By: Kristin M. MacDonald, MS, RD, LDN
Owner, Healthy Appetites Nutrition Counseling, L.L.C.
Each year with the dawn of October there is an increase in pumpkin-flavored everything. From baked goods to Halloween candy, lattes to beer, it is hard to enter the store without noticing pumpkin goodies on the shelves. Often these fall-time treats are not the healthiest options. Many of these foods are loaded with sugar and are far removed from the whole pumpkins we carve into jack-o-lanterns and decoratively place on our doorsteps.
Although I am certainly a fan of this seasonal food, I would encourage you to think about eating pumpkin in a fresher, less processed state. Pumpkin is part of the squash family. It lends itself to both sweet and savory dishes and it pairs nicely with warm spices like cinnamon, nutmeg and clove. Read on to learn more about the nutritional benefits of pumpkin and creative ways to prepare and enjoy it this season.
The flesh of a pumpkin and its seeds are both edible. Pumpkin flesh is low in calories, fat, cholesterol and sodium. In fact, one cup of pumpkin has only 83 calories and less than 1 gram of fat. Pumpkin is also a good source of fiber, vitamin A, vitamin C and magnesium. Fiber provides satiety and can aid in digestion and weight management. Antioxidants, vitamins A and C, contribute to reduced inflammation and immune support. Magnesium supports heart health. Pumpkin seeds also have nutritional benefits. They are high in protein, fiber, iron, Vitamin K and important minerals, such as copper and zinc.

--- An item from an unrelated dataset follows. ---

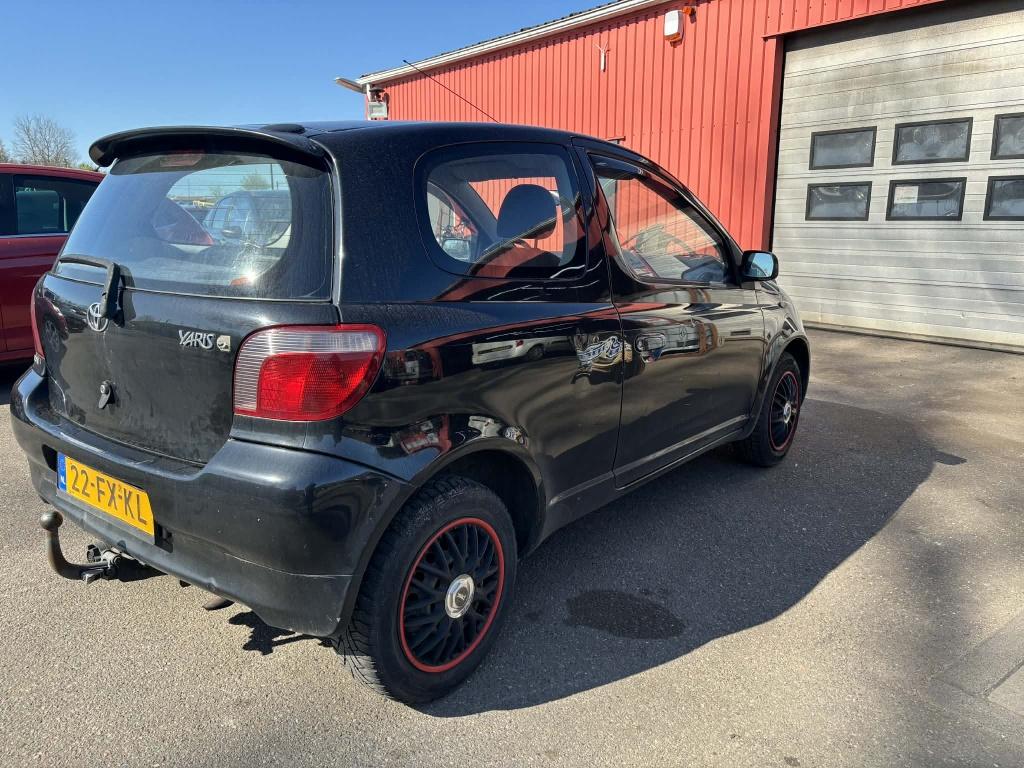 Toyota Yaris 1.3-16v vvt-i luna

Both pumpkin flesh and seeds are used as ingredients in baked goods. Enjoy pumpkin seeds roasted, in trail mix and in granola bars. Pumpkin can be enjoyed sautéed with vegetables and beans. It can even be found as filling for ravioli!
Check out this month’s feature food recipe - Pumpkin Banana Pancakes with Maple Yogurt!
These pancakes make for a hearty, satisfying and healthy breakfast. They are low in sugar and help you start your day with protein and fiber, a dynamic duo! Pumpkin pie spice and maple provide the fall flavors we all love. I hope you enjoy!
1 banana, mashed
½ cup pureed pumpkin
1 ½ cups oats, blended into an “oat flour”
1 teaspoon pumpkin pie spice
1 tablespoon coconut oil or butter for cooking
¼ cup plain, low-fat yogurt
2 teaspoons maple syrup
1) Combine banana, pumpkin, egg, oats and pumpkin pie spice in a medium mixing bowl to form pancake batter.
2) In a medium sauté pan heat coconut oil or butter over medium heat until melted and pan is coated.
3) Dollop pancake batter into the pan using a spoon and spread the batter out using the back of the spoon.
4) Cook pancakes for about 2 to 3 minutes on one side. Flip and cook for another 2 to 3 minutes.
5) Combine yogurt and maple syrup. Drizzle mixture over plated pancakes and serve.